Quelques semaines plus tard, un incident d'ordre non moins intime que le précédent fournit encore au roi un prétexte à observations et à blâme. Il s'agissait de donner un aide de camp au duc de Berry, qui allait rejoindre en Wolhynie l'armée de Condé. Le roi avait proposé à son frère de désigner pour cet emploi M. de Sourdis, neveu du comte d'Avaray. Monsieur ne tint aucun compte de cette recommandation. Il nomma M. de Nantouillet, neveu du comte de Duras, et c'est au roi lui-même qu'il demanda d'apprendre au duc de Berry le choix qu'il avait fait. Le roi fut tout mortifié de son échec, auquel d'Avaray ne se montra pas moins sensible que lui.

«Je regarde la communication entre père et enfants comme une chose sacrée, mandait-il à son frère, et j'ai religieusement rempli la commission que vous m'aviez donnée. Mais, je vous dirai tout franchement que je suis profondément affecté du choix que vous avez fait de l'aide de camp du duc de Berry, si toutefois il ne peut en avoir qu'un. M. de Nantouillet est un bon sujet; son mérite peut faire oublier sa naissance, j'en conviens; mais vous devez vous rappeler que vous ne l'aviez pas donné à votre fils dans l'origine, que vous aviez seulement permis qu'il fût auprès de son oncle. Ainsi, vous n'étiez pas lié à son égard, et s'il est neveu du comte de Duras, M. de Sourdis, aussi bon sujet que lui, et d'une tout autre espèce, est beau-frère de d'Avaray. Vous savez ce que ce titre est pour moi, et j'aime à me persuader qu'il est quelque chose pour vous, surtout au moment du mariage de nos enfants. Avez-vous oublié d'ailleurs, mon ami, l'engagement que vous avez pris vis-à-vis de votre fils et de M. de Sourdis lui-même?»

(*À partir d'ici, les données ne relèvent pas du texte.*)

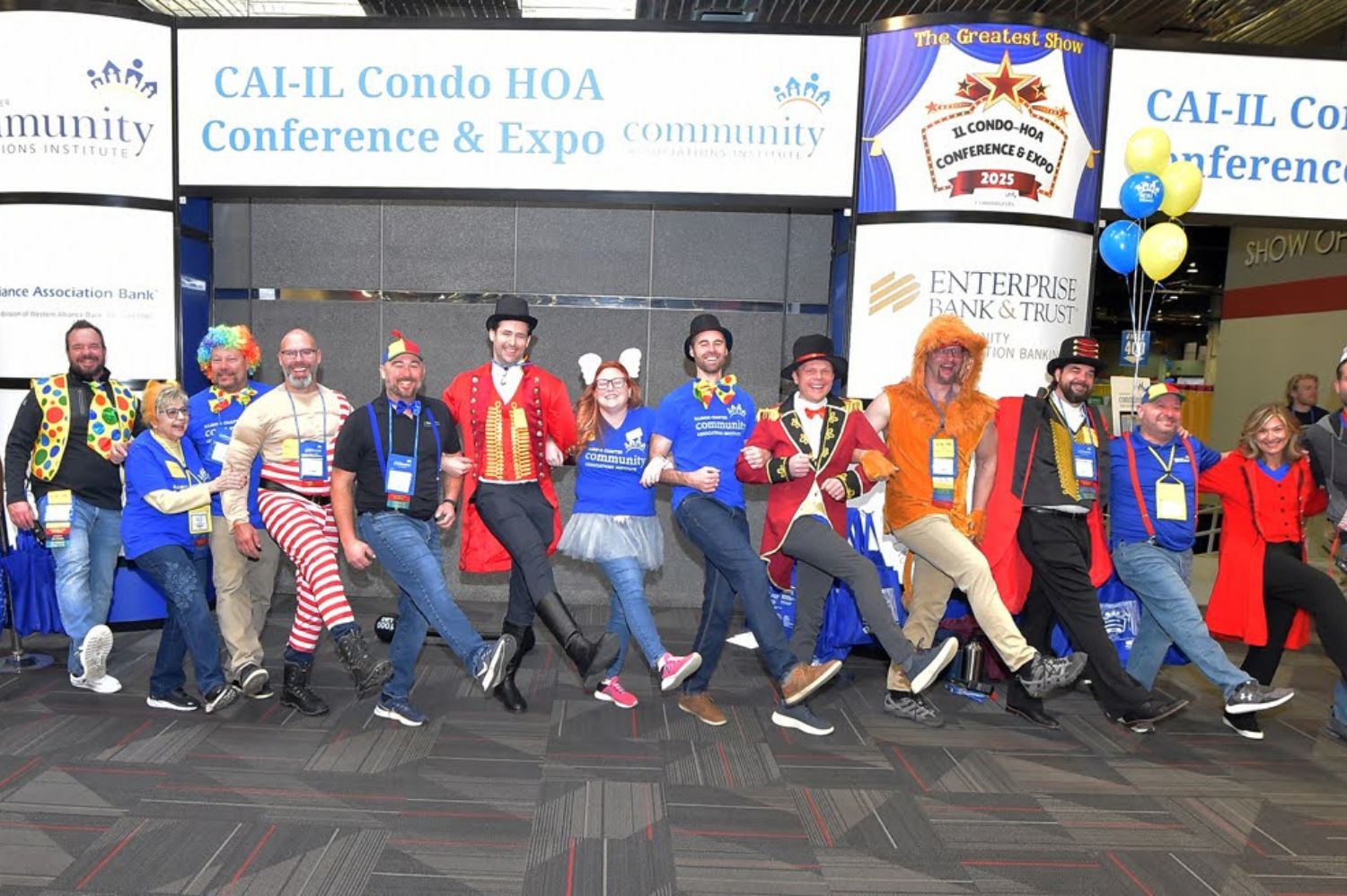 team smiling for portrait at conference expo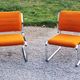 Pair of designer armchairs in orange fabrics and chrome tubes from the 70s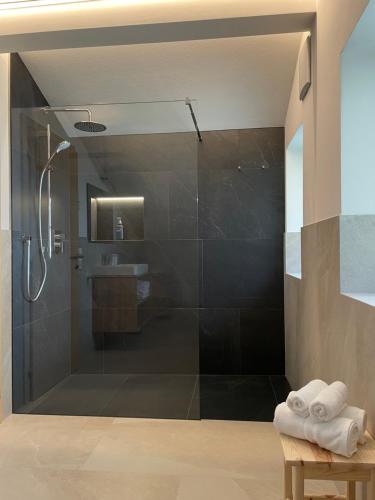 a bathroom with a shower and a sink at Ferienhaus Gann - Greit in Villandro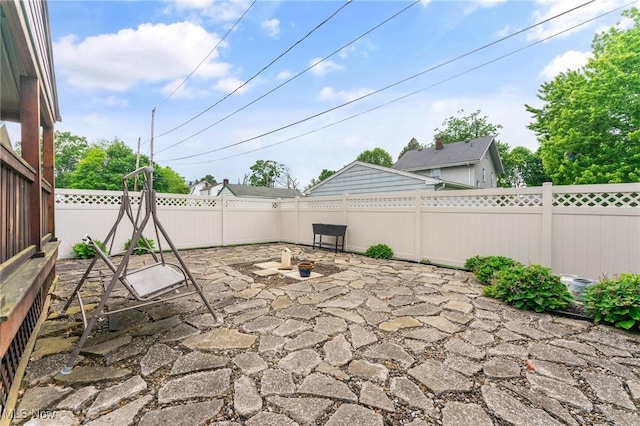 97 Overlook Blvd, Struthers, OH 44471 - fenced backyard featuring a patio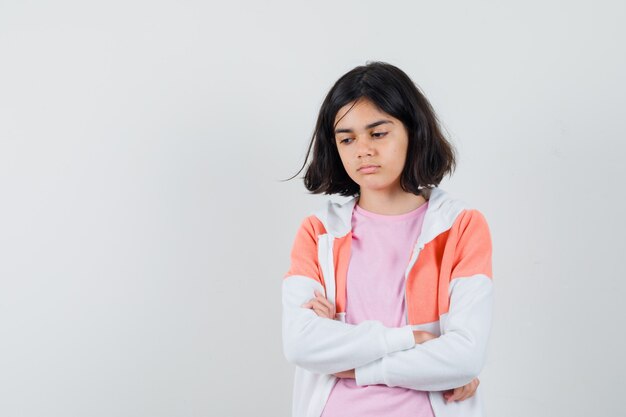 Señorita en chaqueta, camisa rosa de pie con los brazos cruzados y mirando ofendido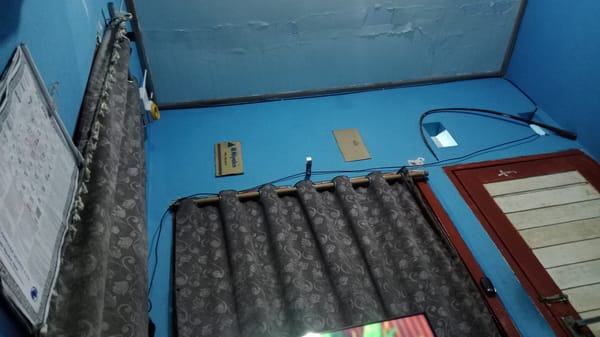 Hanging out in a blue-walled room in Denpasar, Bali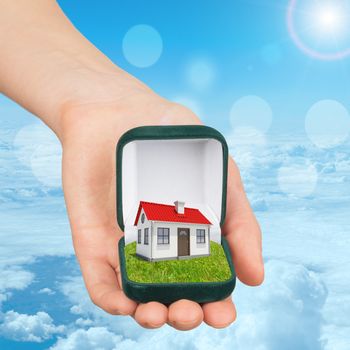 Empty ring box house in humans hand on blue sky background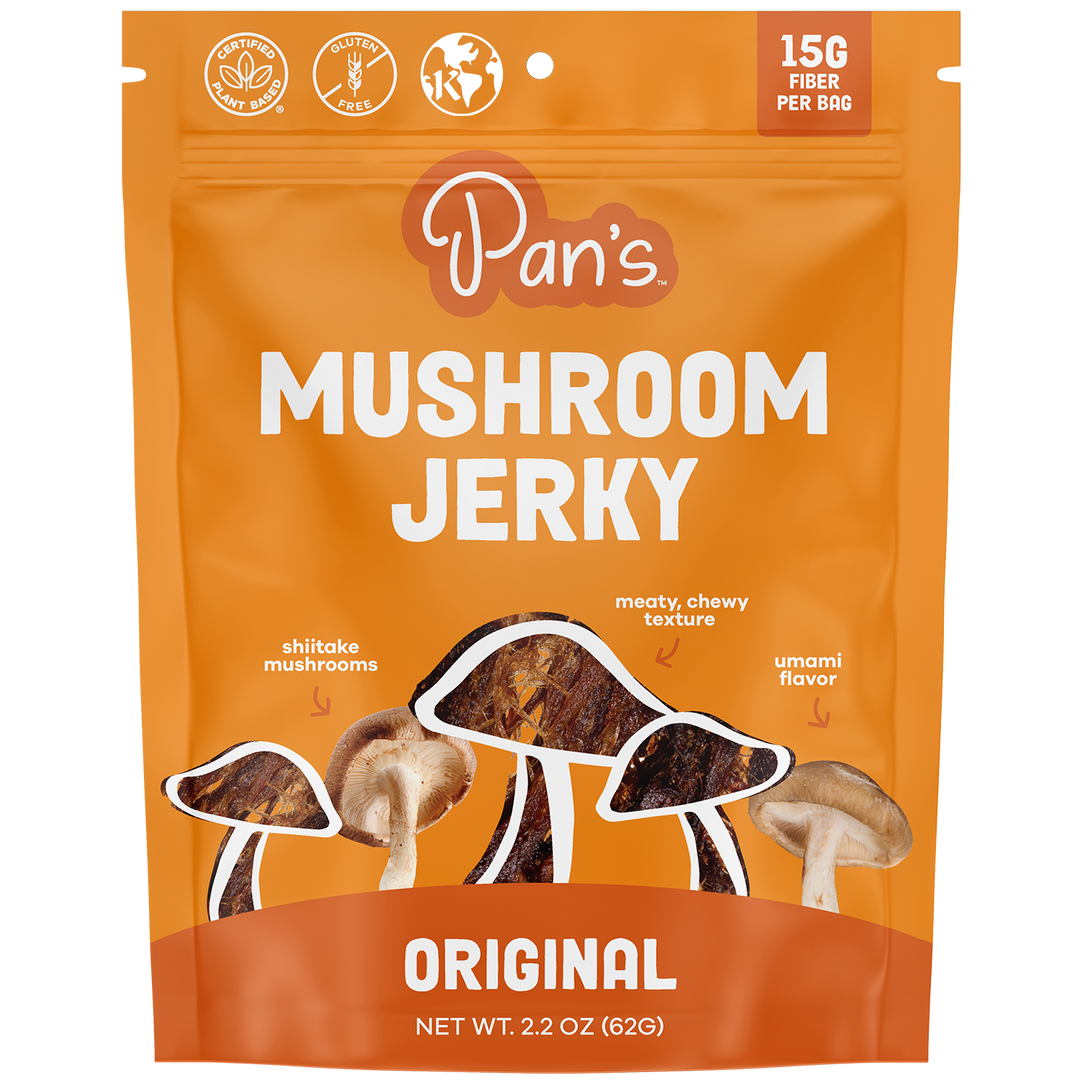 Orange package of Pan's Mushroom Jerky with mushroom illustrations on a white background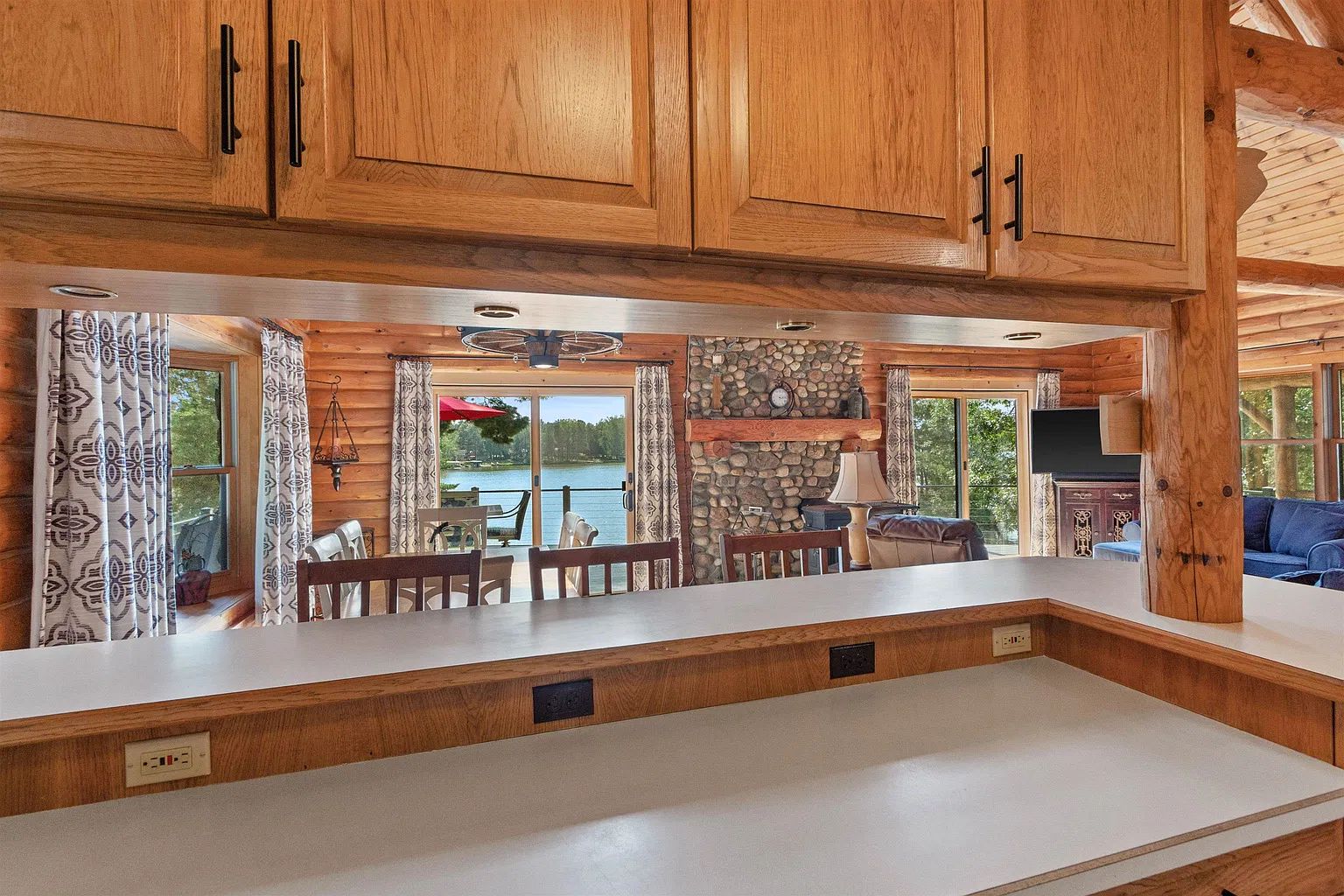 L’intérieur d’un chalet en bois comprend un coin cuisine, un espace repas et une cheminée en pierre.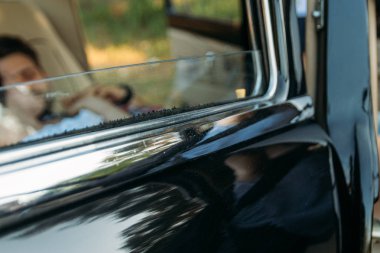 Arabanın içinde yalan ve el ele tutuşarak görünür insanlar pencere araba siyah kapıdan.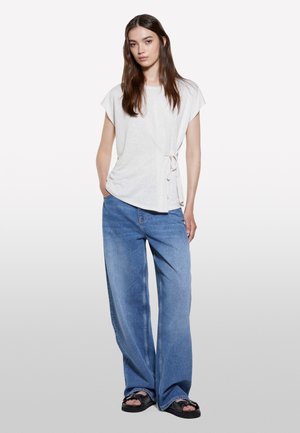 Haut blanc à manches courtes avec détail de nœud sur le côté, associé à un jean bleu clair à jambe large et des sandales noires. Tissu lisse et coupe décontractée.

Ainsi, toujours et en tout, Louis XVIII parle net et franc. C'est chez lui parti pris et système de ne rien cacher à son frère de ce qu'il a sur le coeur. Il met des mitaines pour l'écrire; mais il l'écrit. Au surplus, il serait incapable de se contenir. Le seul effort qui soit en son pouvoir consiste à maîtriser sa plume toutes les fois qu'il pressent qu'elle va laisser échapper quelque parole blessante ou trop sévère. Cette victoire sur sa vivacité naturelle est de tous les instants. Il connaît par expérience les susceptibilités de Monsieur. Averti par les incidents qui ont failli les brouiller, il a trouvé le secret de ne rien taire de ce qu'il pense, sans provoquer cependant de nouvelles querelles. C'est ainsi qu'en février 1799, répondant au reproche que lui avait fait Monsieur, de n'avoir pas confiance dans le gouvernement britannique, il s'en expliquait avec la visible et double préoccupation de ne pas s'emporter, et d'empêcher cependant que ce reproche se renouvelât.